My top idea is the return of structured products via the SIF route. These funds could offer periodic subscriptions and redemptions, capital protection, and, as on date, 30-70% of the upside of the Nifty.
Psychological comfort
Structured product SIFs appeal to the Indian investor who wants the psychological comfort of capital preservation and the benefit of equity upside. These funds will be taxed favourably – like an equity mutual fund – will not have the credit risk of lending to an NBFC and can offer investors daily liquidity via the listing of units even though the fund itself will open only periodically.
Mid and small caps have been an investor favourite since the pandemic. But the ongoing market correction has reminded us that the road to wealth creation can be filled with painful potholes.
Equity ex-top 100 long-short SIFs will allow fund managers to short overvalued mid-caps or even buy copious amounts of put options to protect capital in a mid and small cap meltdown.
India has always been a stock-picker’s market. Just as there are opportunities for fund managers to find stocks that will outperform, there are an equal number of opportunities to find stocks that will underperform.
Historically, equity fund managers have only been able to go for underweight stocks to the extent that they are present in benchmarks. But with equity long/short SIFs, managers can fully express their negative views on stocks and sectors by shorting them, thereby delivering stronger outperformance to unitholders.
The concept of long/short extends beyond just equities and goes into the multi-asset and hybrid arena. SIFs have the opportunity to create a world-class absolute return offering that can bet on rising and falling prices across equities, debt, commodities, InvITs (infrastructure investment trusts) and REITs (real estate investment trusts).
If someone can create an offering that consistently delivers low-teen returns with low volatility, the sky is the limit in terms of investor appetite! For an emerging high net worth individual, this offering may compete with riskier fixed-income-plus solutions and even offer them a spread over their home loan EMI rate.
Similarly, multi-asset arbitrage and special-situation offerings can offer compelling returns for a low-risk investor looking to park money for a one-year-plus time frame.
Debt funds
The debt category has also been opened to innovation.

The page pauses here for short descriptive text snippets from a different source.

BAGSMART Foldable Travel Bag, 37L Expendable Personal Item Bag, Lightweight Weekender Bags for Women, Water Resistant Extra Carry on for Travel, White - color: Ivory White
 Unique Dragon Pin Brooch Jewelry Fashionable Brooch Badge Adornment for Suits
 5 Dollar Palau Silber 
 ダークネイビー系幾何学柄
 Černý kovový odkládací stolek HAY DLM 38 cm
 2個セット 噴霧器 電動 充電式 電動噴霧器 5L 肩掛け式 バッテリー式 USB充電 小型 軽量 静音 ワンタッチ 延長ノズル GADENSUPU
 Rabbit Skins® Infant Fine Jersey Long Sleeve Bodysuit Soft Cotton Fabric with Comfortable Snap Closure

SIFs will be able to offer concentrated debt funds with up to 20% in a single issuer and up to 75% in a single sector.
Under this regime, a debt fund that invests in high-grade NBFCs becomes possible, as does a fund that only buys bonds of Tata companies. And this is a vital bridge in the development of India’s corporate bond market.
Debt SIFs have also been allowed to trade derivatives, which encourages institutional participation and development of India’s interest rate futures and credit default swap markets. A debt SIF could potentially run a negative duration, which means it gains when interest rates rise.

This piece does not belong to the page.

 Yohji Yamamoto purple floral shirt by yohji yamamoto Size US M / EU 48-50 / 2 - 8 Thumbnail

A fund like this is an incredible diversifier in an investor’s portfolio, which otherwise only has holdings that gain from falling interest rates.

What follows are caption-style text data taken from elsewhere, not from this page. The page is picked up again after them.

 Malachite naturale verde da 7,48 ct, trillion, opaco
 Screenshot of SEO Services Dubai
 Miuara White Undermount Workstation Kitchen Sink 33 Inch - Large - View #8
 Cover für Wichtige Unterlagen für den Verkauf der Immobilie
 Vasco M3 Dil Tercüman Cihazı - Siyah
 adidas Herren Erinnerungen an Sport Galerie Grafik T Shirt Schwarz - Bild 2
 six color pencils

SIFs benefit from the strong governance oversight of mutual fund boards, stringent risk management norms, professional fund management and the same taxation as a regular mutual fund. Advisors are required to upskill via an NISM (National Institute of Securities Markets) exam before distributing these products to their clients. Good financial advice has never been more valuable.
As with all innovation, it is important for investors to gradually build confidence and allocations in SIFs. Accredited investors have a tremendous advantage because they can invest less than a combined ₹10 lakh per AMC and hence, they can sample a variety of offerings from several fund houses.
SIFs will move from a satellite to a core allocation once fund houses have built live track records and battle-test strategies in tough market conditions.
But in the meantime, the new asset class throws up many new opportunities for investors to enhance their returns, diversify their risk and have greater certainty about their financial goals.